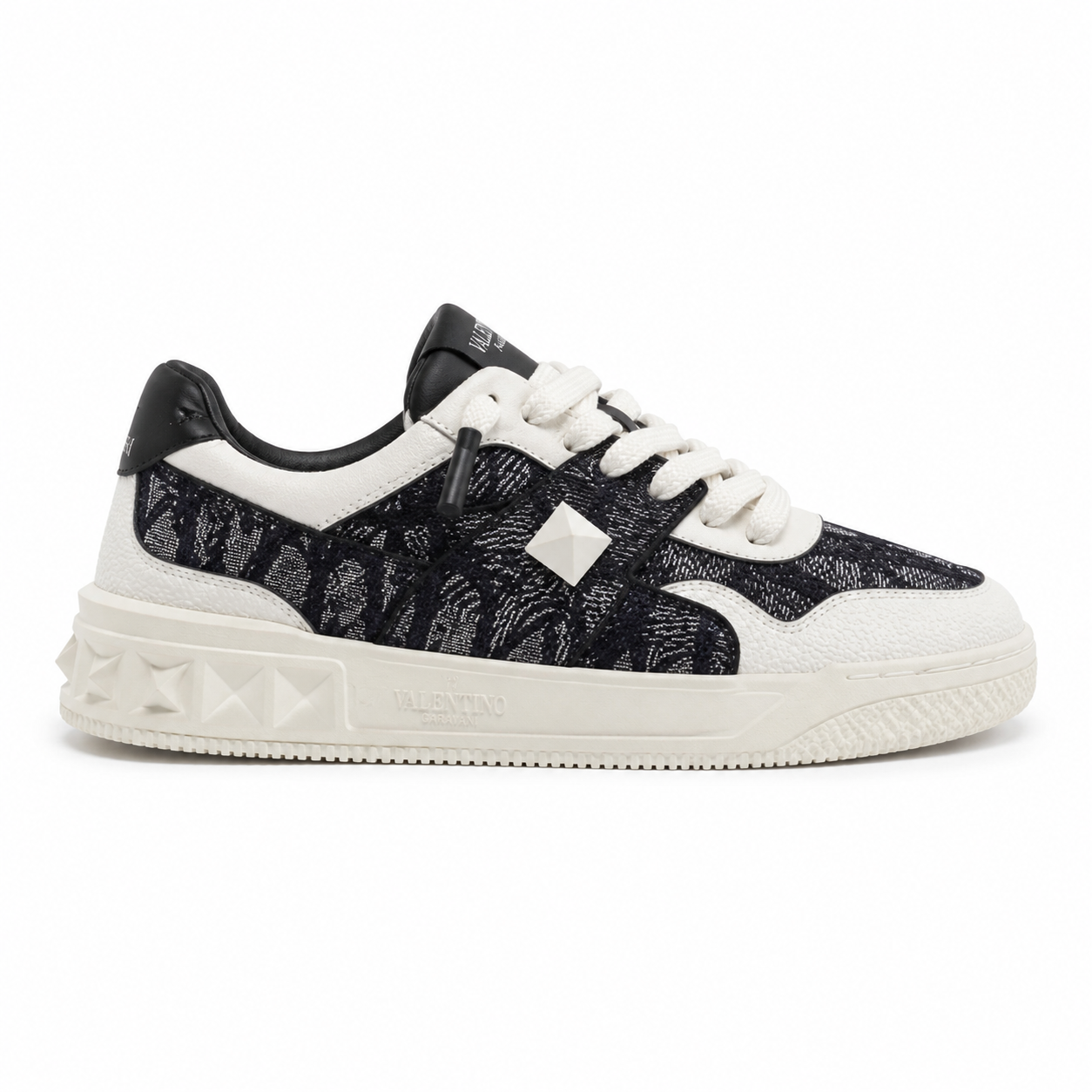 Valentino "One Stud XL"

--

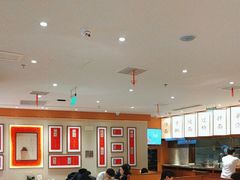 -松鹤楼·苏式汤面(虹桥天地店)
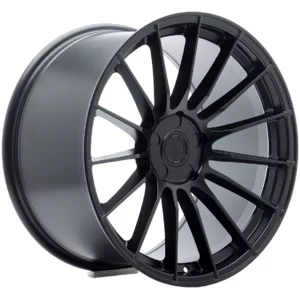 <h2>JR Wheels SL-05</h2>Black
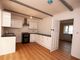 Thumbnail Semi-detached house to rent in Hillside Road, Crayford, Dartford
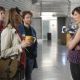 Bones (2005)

--- TASK BRIEF ---
Give again the lines of the listing above that run from the one with "-松鹤楼·苏式汤面(虹桥天地店)" up to and including the one with "Bones (2005)". Keep them exact and omit the pictures.

--- EXERCISE RESPONSE ---
 -松鹤楼·苏式汤面(虹桥天地店)
 <h2>JR Wheels SL-05</h2>Black
 Thumbnail Semi-detached house to rent in Hillside Road, Crayford, Dartford
 Bones (2005)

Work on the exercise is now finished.